Um dia desses, meu pai estava lendo seu jornal diário e analisava uma reportagem sobre o ativismo LGBT e sua influência atual na política do país. Estava claramente intrigado com o que estava lendo, seja lá o que passasse em sua mente. A matéria continha ilustrações, imagens do grande evento da comunidade na Avenida Paulista, a vulgarmente conhecida "Parada Gay". A foto panorâmica apresentava a avenida lotada, com bandeiras, faixas e muitas cores. Era possível ver pessoas até onde a lente da câmera nos permita. Encarando friamente a fotografia, ele, na maior sinceridade e espontaneidade que um homem nos seus 50 anos poderia ter, me fez uma pergunta curiosa. "Porque será que existem tantos gays hoje em dia?". A pergunta foi claramente retórica. Respondi com um sorriso, e continuei minhas atividades. Como ele não esperava resposta, manteve o seu calmo ritmo de leitura do jornal, esquecendo a indagação após alguns segundos. Eu, por outro lado, não esqueci.
O questionamento do meu pai foi realmente poderoso, carregado de informações que podem ser tiradas se olhado de maneira aprofundada. A retoricidade da pergunta deixa claro que, alguns décimos de segundos atrás, outra pergunta surgiu em sua mente: "Existem mais gays hoje do que no passado?". Claramente seu cérebro respondeu com um sonoro sim. Mas se realmente pararmos e olharmos a pergunta, notamos que ela é extremamente difícil de ser respondida de forma rápida. Quantos LGBTs existiam no passado? Quantos realmente de assumiam publicamente? Quais os indícios que o número de gays é maior agora? Dados? Quais dados? De fontes confiáveis? Todas essas perguntas podem ser solucionadas, mas demandariam um esforço muito maior do que meu pai empregou ao analisar rapidamente a situação. O que ele fez, no entanto, é algo que acontece a todo momento em nossa vida e não nos damos conta disso.
Responder a uma pergunta do tipo "Eu recebo mais informações sobre o ativismo LGBT do que antigamente?" é uma tarefa muito mais simples do que a pergunta original. O cérebro do meu pai (que é um homem com muita experiência de vida e conhecimento agregado, longe de ser ignorante) inconscientemente substituiu a pergunta original por algo mais simples, como a mostrada acima, dando a falsa impressão que elas eram equivalentes. Esse processo de troca descrito é conhecido por especialistas como Heurística da Substituição. Achamos que estamos respondendo a pergunta original, quando na verdade estamos resolvendo uma muito mais simples, mas que nossa intuição não consegue diferenciar da original. Apenas conscientemente percebemos que a tarefa inicial pode ser muito mais trabalhosa e profunda do que imaginávamos.

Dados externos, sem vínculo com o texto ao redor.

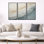 Minimalisme, vague bleue et grise, horizon I - ensemble de décorations minimalistes côtières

Em alguns casos (na maioria deles), a substituição nos poupa esforço cognitivo e nos permite fazer análises mais práticas de situações cotidianas. Contudo, quando tratamos de assuntos mais sérios, a heurística pode ser a fonte de vários erros e nos levar a conclusões completamente equivocadas sobre diversos assuntos. Eu mesmo me confrontei com a seguinte situação, ao ler comentários de notícias no Facebook: "Estamos nos tornando mais intolerantes?". Prontamente respondi que sim, estamos ficando cada vez menos dispostos a aceitar o diferente, baseado nos discursos de ódio que exalavam das publicações da rede social. Esqueci, por um minuto, das barbaridades da Idade Média contra os hereges, da exclusão social feminina na revolução industrial ou mesmo das brutais repressões de opiniões da ditadura em nosso país. Não passou pela minha mente que minha avó era julgada e proibida de sair de calça na rua ou que meu avó jamais seria respeitado se o vissem chorando em público. Fui enganado pela minha mente, sem me dar conta, porque decidi responder a uma pergunta do tipo "Estou mais exposto a opiniões intolerantes?". Mais simples, mais intuitiva, porém diferente da original e com a resposta inversa.
Tiramos conclusões precipitadas o tempo todo, seja lendo uma matéria do jornal, vendo um anúncio publicitário ou conversando com um estranho. Nossa intuição é rápida, prática e trabalha sem esforço. Nosso consciente é lento, demanda atenção, mas é muito mais preciso, porque é o único capaz de aplicar nossos conhecimentos de maneira lógica para chegar a uma conclusão. Quanto mais percebemos isso, melhor é nossa tomada de decisão e menos somos enganados por nosso cérebro.
O primeiro passo para entendermos o mundo é entendermos nós mesmos.